» Your objective
The answer must consist of every line from the data that holds the string "with".

» Information
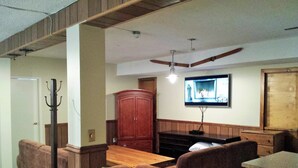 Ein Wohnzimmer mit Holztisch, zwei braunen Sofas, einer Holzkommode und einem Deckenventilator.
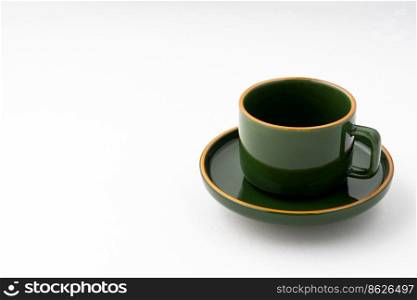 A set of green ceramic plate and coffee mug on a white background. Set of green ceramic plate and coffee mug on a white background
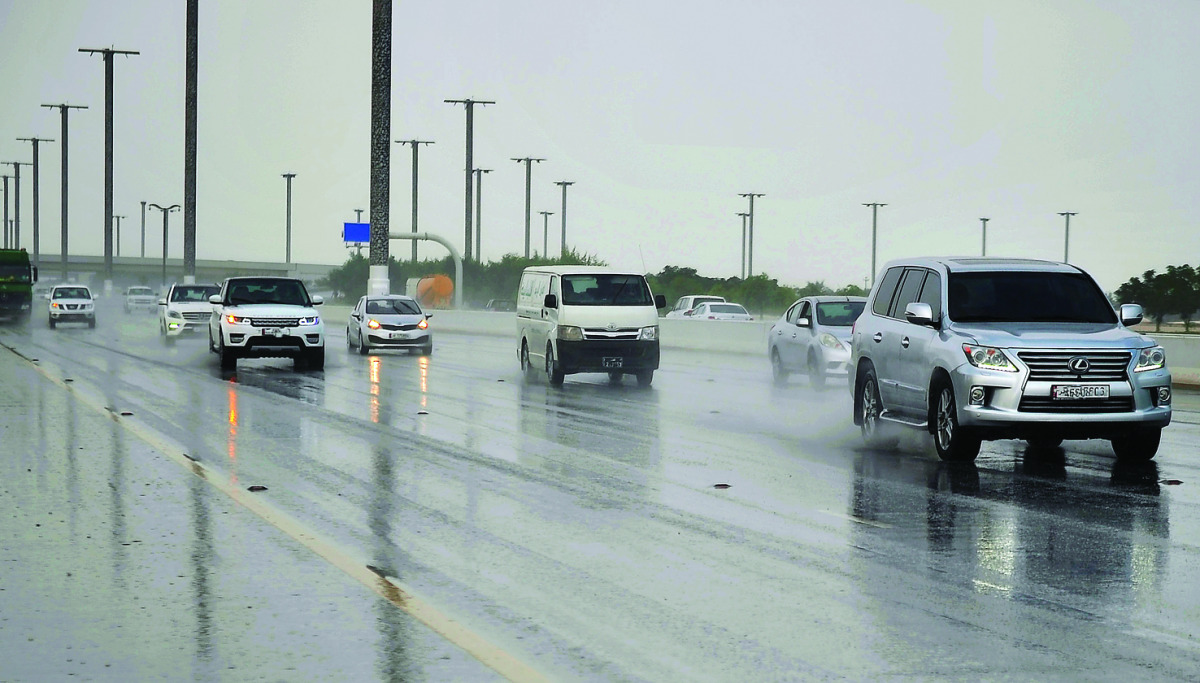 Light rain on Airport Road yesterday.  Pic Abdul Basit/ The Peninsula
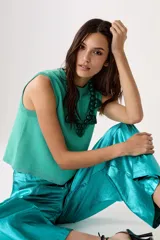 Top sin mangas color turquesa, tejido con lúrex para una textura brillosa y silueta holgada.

---

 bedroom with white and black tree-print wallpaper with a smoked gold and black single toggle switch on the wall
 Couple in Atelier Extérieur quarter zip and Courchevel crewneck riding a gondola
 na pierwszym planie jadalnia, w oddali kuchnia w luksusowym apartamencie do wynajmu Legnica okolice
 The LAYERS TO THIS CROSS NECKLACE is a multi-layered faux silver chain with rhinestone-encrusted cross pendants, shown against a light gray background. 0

» Solution to this problem
 bedroom with white and black tree-print wallpaper with a smoked gold and black single toggle switch on the wall
 The LAYERS TO THIS CROSS NECKLACE is a multi-layered faux silver chain with rhinestone-encrusted cross pendants, shown against a light gray background. 0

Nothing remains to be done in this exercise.